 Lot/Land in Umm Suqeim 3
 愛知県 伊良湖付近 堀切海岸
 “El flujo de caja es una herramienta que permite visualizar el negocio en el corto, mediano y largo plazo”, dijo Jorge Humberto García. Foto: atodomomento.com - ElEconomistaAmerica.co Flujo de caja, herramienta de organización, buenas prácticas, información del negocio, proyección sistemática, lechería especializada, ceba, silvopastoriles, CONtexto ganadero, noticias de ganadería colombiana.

Assigned task: All of the material above needs to be retyped word for word.

Answer section:
 Lot/Land in Umm Suqeim 3
 愛知県 伊良湖付近 堀切海岸
 “El flujo de caja es una herramienta que permite visualizar el negocio en el corto, mediano y largo plazo”, dijo Jorge Humberto García. Foto: atodomomento.com - ElEconomistaAmerica.co Flujo de caja, herramienta de organización, buenas prácticas, información del negocio, proyección sistemática, lechería especializada, ceba, silvopastoriles, CONtexto ganadero, noticias de ganadería colombiana.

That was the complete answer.